Las innúmeras cervezas con que acompañé el dicho biftec produjéronme a la mañana siguiente resaca despiadada. He deducido tras haberlo observado en multitud de ocasiones que con el tiempo hay alguna parte del cerebro que se oxida o enreda, anudándose tal vez sobre sí misma y enmarañándose en demasía. Y al igual que la hiedra produce de continuo ramas, hojas y zarcillos, así el pensamiento y el discurrir nervioso se ramifican y retuercen en complejos arabescos que no tardan en sobrecargar el conjunto, haciendo que se hunda sobre sí mismo por su propio peso. Y si es la cruda y gélida hoja del hacha del jardinero quien hace poda masacre en la materia vegetal, así el alcohol, bebida espirituosa sobre todas, es quien con mimo de botánico inglés amputa las partes del mi cerebro que estorban su correcto funcionar. O lo detiene sin más, no estoy seguro. El caso es que, tumefacto el pensamiento por obra y merced de la purificadora resaca, salí hoy a la calle a hacer unas gestiones por mi barrio natal. Encontréme allí multitud de hembras deliciosas, que no abundan en el arrabal donde ha lugar mi vivienda, y caí pronto en la cuenta de que me estimulaban todas ellas por una sola razón: la lozanía de sus carnes y lo alocado de su indumentaria. Así es: no me gustan las mujeres: me gustan las jóvenas. Sus miradas atolondradas propias de los dieciseis años, sus medias de rayas, sus pelos estrafalarios y sobre todo su no haber puesto aún los pies en la tierra.
Descubrir esta gilipollez me produjo gran gozo, pues ya creía muerta mi libido, y me metí en el coche haciendo repaso de cuanto llevaba en los bolsillos: un chorizo de Cantimpalo, un cedé con un viejo videojuego FPS y una biografía de Nietzsche escrita por una dama que presumía de haber sido su amor inalcanzado y frustrante. Tres sórdidos objetos por los que me dejaría definir, sin duda. Volví a casa con la ventanilla bajada, a pesar de estar a primeros de enero, y con la resuelta intención de volver a dar clases particulares a domicilio.

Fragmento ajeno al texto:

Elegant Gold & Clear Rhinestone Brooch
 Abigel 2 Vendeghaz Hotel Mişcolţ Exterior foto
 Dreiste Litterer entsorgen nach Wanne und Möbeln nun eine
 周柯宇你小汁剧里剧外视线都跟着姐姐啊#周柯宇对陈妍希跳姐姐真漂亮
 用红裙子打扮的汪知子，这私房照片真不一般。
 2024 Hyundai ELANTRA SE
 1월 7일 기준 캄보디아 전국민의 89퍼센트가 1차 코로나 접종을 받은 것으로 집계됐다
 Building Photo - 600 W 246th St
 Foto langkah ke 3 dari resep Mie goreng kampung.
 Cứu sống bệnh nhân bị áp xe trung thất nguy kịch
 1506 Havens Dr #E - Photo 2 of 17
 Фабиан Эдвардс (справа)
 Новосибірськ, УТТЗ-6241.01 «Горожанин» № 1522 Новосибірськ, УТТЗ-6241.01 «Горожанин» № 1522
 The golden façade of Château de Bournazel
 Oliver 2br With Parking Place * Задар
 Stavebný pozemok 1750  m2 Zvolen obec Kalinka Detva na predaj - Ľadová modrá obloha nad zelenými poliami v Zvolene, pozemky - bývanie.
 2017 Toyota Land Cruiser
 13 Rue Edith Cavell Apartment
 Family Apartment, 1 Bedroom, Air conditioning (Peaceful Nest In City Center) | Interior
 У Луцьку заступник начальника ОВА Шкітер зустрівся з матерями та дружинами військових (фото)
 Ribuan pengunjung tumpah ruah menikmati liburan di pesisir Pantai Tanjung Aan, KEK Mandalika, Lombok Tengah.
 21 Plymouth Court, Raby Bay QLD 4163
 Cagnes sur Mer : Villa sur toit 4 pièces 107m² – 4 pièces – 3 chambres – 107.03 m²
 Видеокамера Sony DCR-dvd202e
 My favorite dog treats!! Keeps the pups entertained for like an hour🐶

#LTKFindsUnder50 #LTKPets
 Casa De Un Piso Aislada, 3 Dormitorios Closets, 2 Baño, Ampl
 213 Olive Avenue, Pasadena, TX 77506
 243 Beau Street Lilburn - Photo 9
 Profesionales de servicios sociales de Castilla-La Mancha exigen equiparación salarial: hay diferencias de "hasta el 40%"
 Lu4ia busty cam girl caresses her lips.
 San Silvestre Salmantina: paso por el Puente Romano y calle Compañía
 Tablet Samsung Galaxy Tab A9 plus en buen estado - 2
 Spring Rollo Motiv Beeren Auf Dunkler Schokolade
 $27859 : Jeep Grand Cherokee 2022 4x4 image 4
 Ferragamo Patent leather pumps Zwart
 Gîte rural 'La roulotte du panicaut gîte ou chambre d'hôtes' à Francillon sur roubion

Llegado ya a casa y tras la masturbación habitual, no supe qué más hacer. Mi televisor lleva meses estropeado y me niego a comprar uno nuevo, por otra parte mi radio ha demostrado no ser un sustituto aceptable, toda vez que lo único que retransmite son improperios y mamarrachadas. Así que una vez más hice repaso de las misteriosas anotaciones que hay desperdigadas por mi casas, garabateadas como ya he dicho por un bolígrafo azul. Persuadido de que estas incoherentes palabras encierran algún significado oculto, opté por ejecutar sobre ellas operaciones aritméticas de muy diversa índole, que ahora no recuerdo del todo bien. Quizá asigné a cada letra un número, hallé la suma total, lo dividí por el número de palabras, representé las ristras de números resultantes en un sistema de coordenadas, primero plano, y luego de 3, 4 y 5 dimensiones, hallé las razones trigonométricas de las figuras que de este modo se me aparecían, y finalmente obtuve una secuencia de cinco números más dos complementarios, lo que evidentemente era una secuencia de números de la lotería. El mensaje era claro: debía apostar todo mi dinero por esta combinación, y hacerlo sin pensar y cuanto antes, pues es del dominio público que la fortuna favorece a los audaces. De ello vengo, y si bien mi capital al completo no sumaba más de siete euros, tengo la satisfacción que emana de la inversión cabal y juiciosa, y el convencimiento inmutable de que en breve mi despropósita hazaña será recompensada.